Give back all of the data exactly, with every picture omitted.

[[ Exercise data, beginning ]]

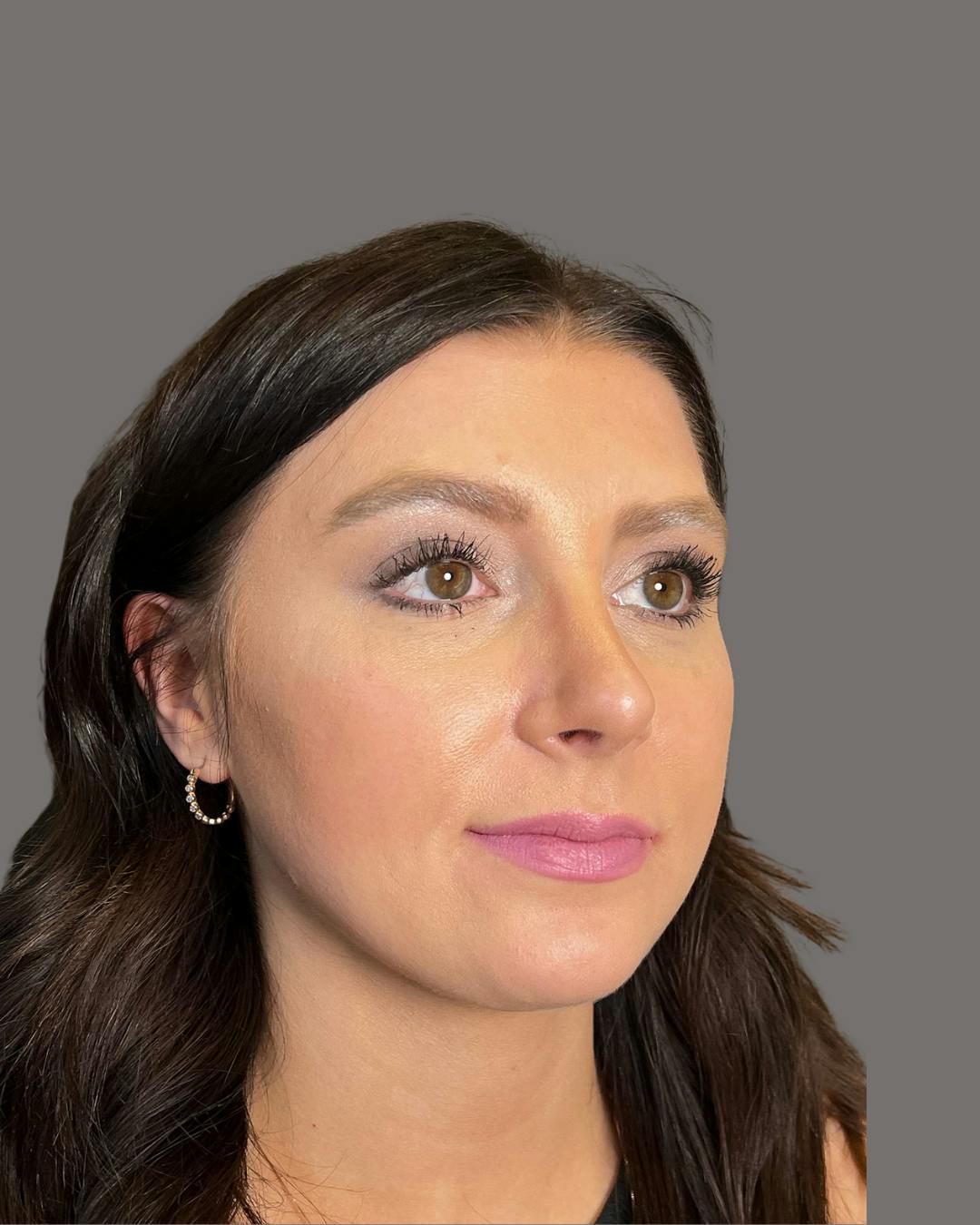 Rhinoplasty Before & After Gallery - Patient 191294715 - Image 4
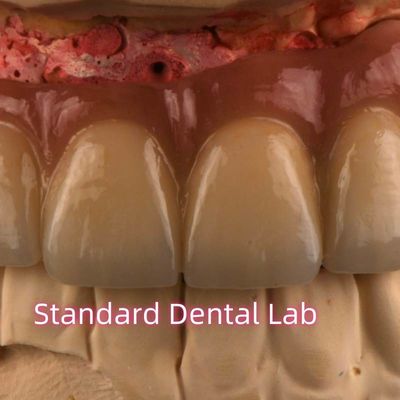 CAD CAM طحن PFM البورسلين غير الثمين المصبوب بالمعدن الجسر الثابت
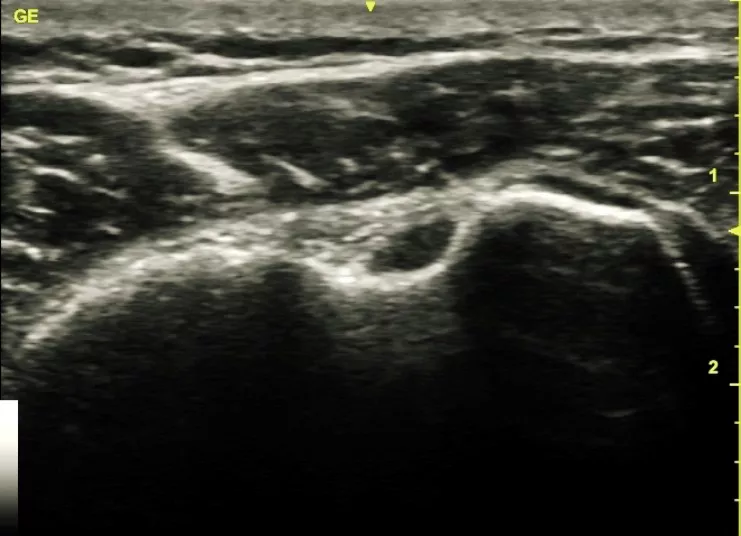 Biceps tendon with 12L-SC transducer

[[ Exercise data, end ]]

Reply to the task
 Rhinoplasty Before & After Gallery - Patient 191294715 - Image 4
 CAD CAM طحن PFM البورسلين غير الثمين المصبوب بالمعدن الجسر الثابت
 Biceps tendon with 12L-SC transducer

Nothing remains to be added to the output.